De prime abord, les français semblent majoritairement enclins à adapter leurs habitudes de consommation en faveur du climat mais ils estiment que les politiques climatiques nuisent à leur confort et à leur pouvoir d’achat. La taxe carbone avec transferts par exemple, plus qu’un moyen efficace de lutte contre le réchauffement climatique, est perçue comme régressive. En effet, en termes de redistribution, les politiques climatiques avantageraient davantage les catégories aisées tandis que les classes moyennes et à bas revenus seraient pénalisées.
Quels sont alors les critères qui influent sur le soutien des français aux politiques climatiques ?
Le CAE met en lumière 3 critères décisifs faisant varier le soutien des français aux politiques climatiques. Premièrement, la perception de l’efficacité des politiques sur l’environnement. Plus les politiques sont jugées efficaces pour la lutte contre le réchauffement climatique, plus les français y sont favorables. Deuxièmement, l’effet redistributif de ces politiques explique le soutien des français aux politiques climatiques. Ainsi, une politique jugée néfaste pour le budget des ménages les plus pauvres subira une baisse du soutien et de l’approbation des français. Enfin, l’effet anticipé d’une politique sur le budget du ménage pèse à 12% dans le soutien apporté à cette politique. Par rapport aux autres pays européens, la France considère comme prioritaires l’efficacité des politiques climatiques et leurs effets sur les ménages à bas revenus plutôt que les effets des politiques sur leur propre budget. L’ensemble de ces critères influencent à hauteur de 50% le soutien des français aux politiques climatiques et conditionnent donc fortement leur opinion sur celles-ci.
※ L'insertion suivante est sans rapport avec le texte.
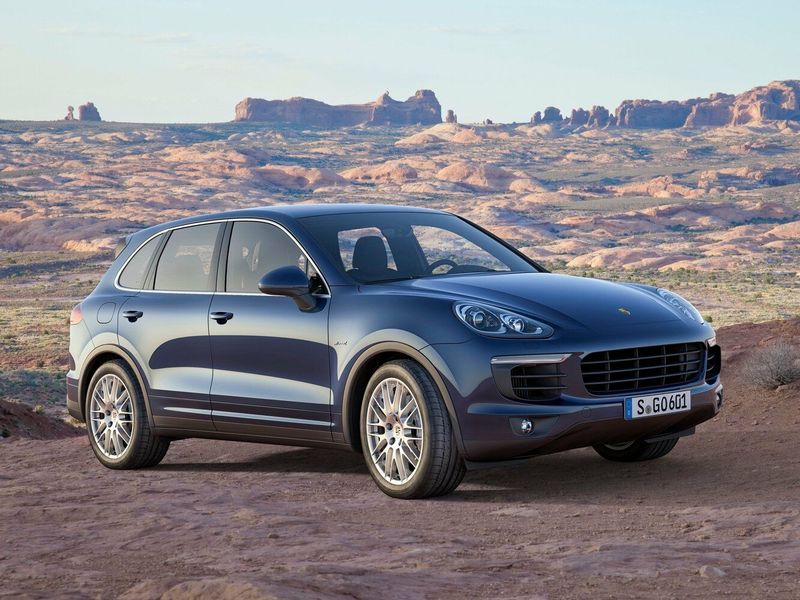 Porsche Cayenne II Рестайлинг (958), Внедорожник 5 дв. — вид спереди справа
Néanmoins, est-il possible de changer la perception des français sur les politiques climatiques ?
Si l’opinion des français et le soutien qui en découle semblent solidement ancrés, ils n’en demeurent pas moins révisables. En effet, la perception que les français ont des politiques climatiques tient principalement à l’efficacité qui leur est attribuée. Ainsi, plus les français sont renseignés sur les effets des politiques climatiques, plus leur soutien à celles-ci est important. L’accès à l’information est donc un critère essentiel dans l’explication et la variation du soutien apporté à ces politiques. Pour la taxe carbone avec transferts par exemple, le soutien à cette mesure ne devient majoritaire qu’après deux visionnages de vidéos pédagogiques offrant des explications objectives. La désapprobation de cette politique climatique se heurte donc au pouvoir éclairant de l’information.
Toutes les politiques climatiques sont-elles soumises au même jugement de la part des français ?
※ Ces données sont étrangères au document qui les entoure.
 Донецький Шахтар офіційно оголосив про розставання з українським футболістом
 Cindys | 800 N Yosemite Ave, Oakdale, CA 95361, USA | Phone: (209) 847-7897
Une fois l’information et la transparence accessibles, comment expliquer les différences de soutien selon les politiques climatiques ? Contrairement aux idées reçues, les facteurs socio-démographiques expliquent seulement 14% du soutien des français aux politiques climatiques. Ce sont le financement et l’utilisation des recettes générées par une politique climatique qui modifient le soutien des français. Ainsi, ces derniers sont en faveur d’un financement via l’impôt sur les plus riches et de l’investissement dans des alternatives vertes grâce aux recettes générées. Toutefois, certains facteurs socio-démographiques ne sont pas à négliger dans l’explication du soutien aux politiques climatiques des français. L’âge demeure un critère essentiel dans cette explication, les jeunes étant plus enclins à soutenir ces politiques. Le positionnement politique est aussi fortement corrélé en France au soutien à ces mesures : les personnes se revendiquant plutôt à droite expriment plus de réticence face aux politiques climatiques que les personnes se revendiquant de gauche.
In fine, le soutien des français aux politiques climatiques tient à des facteurs bien précis et constitue une spécificité française.